8. A fault detection device for power transmission lines under flood disasters, characterized in that, include: The data acquisition module is used to acquire images of target power transmission lines and target point cloud data in flood scenarios; The quantization model construction module is used to input the target transmission line image into the flood interference multimodal quantization model to obtain the flood interference features of the target transmission line image; The flood disturbance features include: texture fluctuation intensity, occlusion index, and illumination statistics; the flood disturbance multimodal quantification model is obtained by training a deep feature extraction network based on a positive and negative sample selection mechanism; The visible fault identification module is used to identify visible faults in the target transmission line image based on the flood interference features and classification dynamic threshold, and obtain visible fault identification results. The latent fault identification module is used to detect latent faults in the target power transmission line image based on the target point cloud data using a non-contact spatial geometric measurement method, and obtain latent fault detection results; the latent fault identification results include: whether there are hidden dangers in the tree line safety distance, whether there are hidden dangers in the conductor sag, whether there are hidden dangers in the ground safety distance, and whether there are hidden dangers in the water safety distance; The fault location calibration module is used to calibrate the fault location based on the flood interference features of the target transmission line image, the target point cloud data, the visible fault identification results, and the hidden fault identification results, so as to obtain the multi-dimensional fault location calibration results.

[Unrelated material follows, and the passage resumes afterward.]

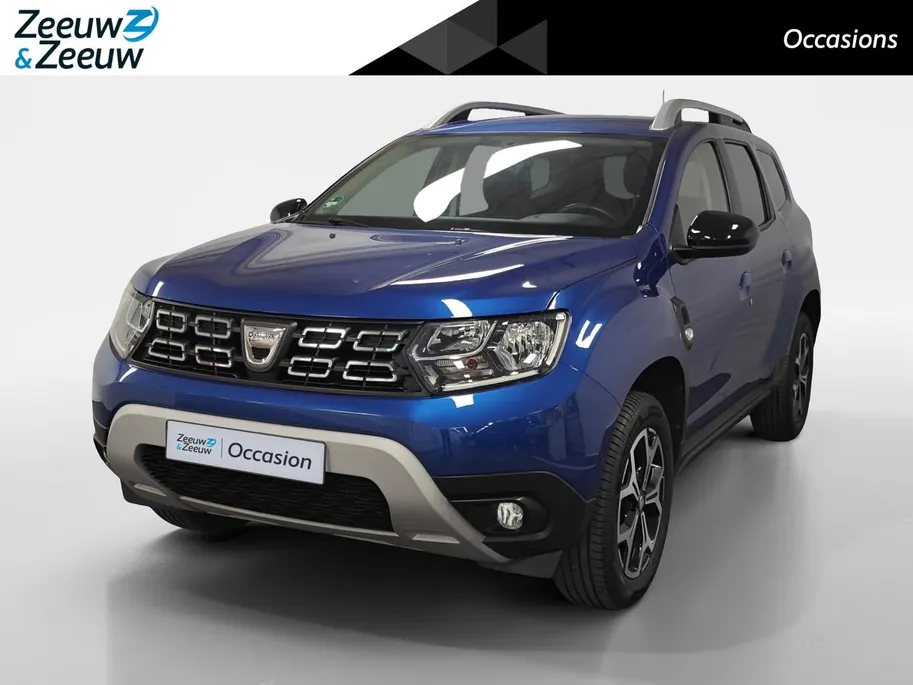 Dacia Duster 1.0 TCe Bi-Fuel Serie Limitee 15th Anniversary NAVI AIRCO CAMERA PARKEERSENSOREN CRUISE CONTROLE LM VELGEN HOGE INSTAP  ZEER MOOIE AUTO OP LPG 12 MAANDEN GARANTIE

9. A computer device, comprising: A memory, a processor, and a computer program stored in the memory and capable of running on the processor, characterized in that the processor executes the computer program to implement the method for detecting transmission line faults under flood disasters as described in any one of claims 1-7.
10. A computer-readable storage medium having a computer program stored thereon, characterized in that, When executed by a processor, the computer program implements the method for detecting transmission line faults under flood disasters as described in any one of claims 1-7.